How large a military does the U.S. need?

Click to enlarge

A military budget analyst named Travis Sharp did an analysis of Governor Romney’s plan to increase U.S. military spending to 4 percent of Gross Domestic Product, and concluded that, sure enough, the Romney budget was $2 trillion more than the Obama budget over 10 years.

The two lines provide two alternative ways to get to 4 percent of GDP.  The “Romney Ramp Up” line would increase spending by 0.1 of a percent until it reached 4 percent, and then level off.   The “Romney Immediate” line would go immediately to 4 percent and stay there.

Is this too much?  It depends on the mission of the U.S. armed forces.  If the mission is to give the United States full spectrum dominance on every continent, as well as outer space, then 4 percent may not be enough.  But if the mission is to protect United States territory and American citizens, then it probably is too much.

While an Obama administration would spend less on the military than a Romney administration, the mission of the U.S. military would be just as expansive and open-ended.  The difference is that the Obama administration would place greater reliance on the CIA, special forces and flying killer robots and less on regular troops, and would be less likely to attack Iran with troops, but instead content itself with waging war by means of economic blockade, cyber-warfare and state-sponsored terrorism.

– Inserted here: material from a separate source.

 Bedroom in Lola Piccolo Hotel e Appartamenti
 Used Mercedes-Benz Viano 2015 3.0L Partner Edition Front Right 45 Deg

During the past 50 years, the U.S. armed forces defeated every enemy they’ve encountered in the field.  But victory in the field proved fruitless, because the U.S. forces have been been unable to compel the civilian population to obey them.  The Taliban in Afghanistan, like the Vietnamese Communists, are ruthless killers and authoritarian rulers, but they are effective ruthless killers.  They are embedded in the population, they know people individually, they can tell friend from foe, which a foreign invader can never do.  Troop buildups and spending on military equipment will not change this.

Here are two more charts, which put U.S. military spending in historic perspective.

The first chart shows U.S. military spending over the years as a percentage of Gross Domestic Product.   What it demonstrates is that if a larger military budget really were necessary for national defense, we Americans could afford to tax ourselves to tax ourselves to pay for it.

Click to enlarge.

The next chart shows U.S. military spending in inflation adjusted dollars.  Note that it does not run past fiscal 2009, which began Oct. 1, 2008.  It is the most up-to-date chart I could find in a Google Image search.

Click to enlarge.

The difference between the two charts reflects the increase in U.S. wealth over the years, so that even though the U.S. government spent just as much on its military during the War on Terror as during the Cold War, it is a smaller percentage of U.S. Gross Domestic Product.   So if it really were necessary to increase the military budget, we Americans could afford to tax ourselves to pay for it.  The question is whether it is necessary.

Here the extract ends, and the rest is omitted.